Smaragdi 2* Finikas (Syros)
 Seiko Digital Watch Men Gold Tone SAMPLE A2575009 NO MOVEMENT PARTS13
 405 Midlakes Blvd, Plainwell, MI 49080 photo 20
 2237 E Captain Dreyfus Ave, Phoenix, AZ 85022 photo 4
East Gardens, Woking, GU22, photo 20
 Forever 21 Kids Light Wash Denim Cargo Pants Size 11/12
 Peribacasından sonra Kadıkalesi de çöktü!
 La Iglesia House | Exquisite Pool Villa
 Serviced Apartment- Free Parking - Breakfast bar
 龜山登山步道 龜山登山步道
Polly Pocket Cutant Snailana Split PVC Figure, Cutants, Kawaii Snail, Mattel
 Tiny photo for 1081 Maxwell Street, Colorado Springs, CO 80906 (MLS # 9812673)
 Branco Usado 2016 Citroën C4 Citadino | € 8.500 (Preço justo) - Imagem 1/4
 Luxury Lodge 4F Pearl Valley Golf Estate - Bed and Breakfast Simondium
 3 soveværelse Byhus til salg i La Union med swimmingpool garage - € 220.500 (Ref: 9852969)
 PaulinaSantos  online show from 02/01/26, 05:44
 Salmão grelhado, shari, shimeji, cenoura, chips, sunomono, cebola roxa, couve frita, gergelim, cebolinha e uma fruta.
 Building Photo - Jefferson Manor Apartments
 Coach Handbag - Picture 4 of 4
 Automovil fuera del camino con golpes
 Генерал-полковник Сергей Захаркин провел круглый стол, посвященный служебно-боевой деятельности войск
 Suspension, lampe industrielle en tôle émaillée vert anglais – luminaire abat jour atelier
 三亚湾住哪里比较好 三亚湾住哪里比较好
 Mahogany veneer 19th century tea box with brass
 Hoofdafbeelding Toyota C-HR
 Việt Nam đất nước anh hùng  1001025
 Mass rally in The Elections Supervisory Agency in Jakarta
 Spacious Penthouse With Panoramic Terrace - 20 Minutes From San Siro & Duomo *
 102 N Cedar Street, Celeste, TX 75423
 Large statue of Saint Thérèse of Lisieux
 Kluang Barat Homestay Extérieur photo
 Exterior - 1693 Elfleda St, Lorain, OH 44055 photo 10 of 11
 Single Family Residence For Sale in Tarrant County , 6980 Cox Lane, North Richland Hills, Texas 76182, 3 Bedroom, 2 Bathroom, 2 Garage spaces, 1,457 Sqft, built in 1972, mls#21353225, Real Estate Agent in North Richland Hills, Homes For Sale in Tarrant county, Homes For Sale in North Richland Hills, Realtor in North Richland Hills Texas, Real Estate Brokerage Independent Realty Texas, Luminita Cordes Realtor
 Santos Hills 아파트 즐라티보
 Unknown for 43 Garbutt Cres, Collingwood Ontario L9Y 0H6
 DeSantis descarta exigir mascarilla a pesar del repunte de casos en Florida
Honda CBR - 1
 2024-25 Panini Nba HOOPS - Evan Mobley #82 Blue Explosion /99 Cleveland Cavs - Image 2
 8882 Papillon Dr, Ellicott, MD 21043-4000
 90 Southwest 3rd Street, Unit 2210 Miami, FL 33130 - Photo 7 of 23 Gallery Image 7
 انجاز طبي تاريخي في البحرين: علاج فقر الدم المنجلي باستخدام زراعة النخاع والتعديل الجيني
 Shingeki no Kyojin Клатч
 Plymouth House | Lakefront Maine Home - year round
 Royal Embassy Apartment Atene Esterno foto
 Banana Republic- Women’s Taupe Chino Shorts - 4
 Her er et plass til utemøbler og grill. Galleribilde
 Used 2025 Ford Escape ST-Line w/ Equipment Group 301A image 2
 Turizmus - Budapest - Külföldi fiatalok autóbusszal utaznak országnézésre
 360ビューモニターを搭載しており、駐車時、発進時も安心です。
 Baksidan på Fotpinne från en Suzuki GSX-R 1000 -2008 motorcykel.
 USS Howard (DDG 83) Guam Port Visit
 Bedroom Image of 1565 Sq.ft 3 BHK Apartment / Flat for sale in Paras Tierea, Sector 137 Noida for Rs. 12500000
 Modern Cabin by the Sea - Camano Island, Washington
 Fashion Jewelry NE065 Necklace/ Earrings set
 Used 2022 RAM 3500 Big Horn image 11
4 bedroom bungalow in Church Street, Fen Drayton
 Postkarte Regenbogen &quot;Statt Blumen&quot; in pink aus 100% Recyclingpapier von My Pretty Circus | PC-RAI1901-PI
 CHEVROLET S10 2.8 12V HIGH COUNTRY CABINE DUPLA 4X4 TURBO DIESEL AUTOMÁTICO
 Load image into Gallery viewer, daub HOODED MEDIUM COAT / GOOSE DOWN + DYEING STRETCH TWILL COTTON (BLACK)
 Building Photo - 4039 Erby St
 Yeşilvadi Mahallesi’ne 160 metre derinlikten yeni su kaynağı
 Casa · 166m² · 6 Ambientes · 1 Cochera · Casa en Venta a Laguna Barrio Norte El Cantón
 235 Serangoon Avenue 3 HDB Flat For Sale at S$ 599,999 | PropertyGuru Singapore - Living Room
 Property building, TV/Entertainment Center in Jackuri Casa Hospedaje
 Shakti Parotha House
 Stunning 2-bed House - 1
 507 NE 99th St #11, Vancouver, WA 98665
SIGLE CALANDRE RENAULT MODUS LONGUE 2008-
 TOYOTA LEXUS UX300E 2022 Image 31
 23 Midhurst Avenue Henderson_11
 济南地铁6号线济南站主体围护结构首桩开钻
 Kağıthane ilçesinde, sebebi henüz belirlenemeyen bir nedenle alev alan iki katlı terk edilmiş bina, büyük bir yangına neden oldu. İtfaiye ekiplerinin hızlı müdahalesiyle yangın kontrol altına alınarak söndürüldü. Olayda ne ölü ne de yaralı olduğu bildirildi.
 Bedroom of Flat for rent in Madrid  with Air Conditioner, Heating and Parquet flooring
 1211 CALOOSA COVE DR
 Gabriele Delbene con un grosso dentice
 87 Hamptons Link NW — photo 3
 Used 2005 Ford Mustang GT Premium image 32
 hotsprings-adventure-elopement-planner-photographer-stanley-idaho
--------
TASK DESCRIPTION
From the listing above, return each line with the word "Flat".

TASK RESULT
 Bedroom Image of 1565 Sq.ft 3 BHK Apartment / Flat for sale in Paras Tierea, Sector 137 Noida for Rs. 12500000
 235 Serangoon Avenue 3 HDB Flat For Sale at S$ 599,999 | PropertyGuru Singapore - Living Room
 Bedroom of Flat for rent in Madrid  with Air Conditioner, Heating and Parquet flooring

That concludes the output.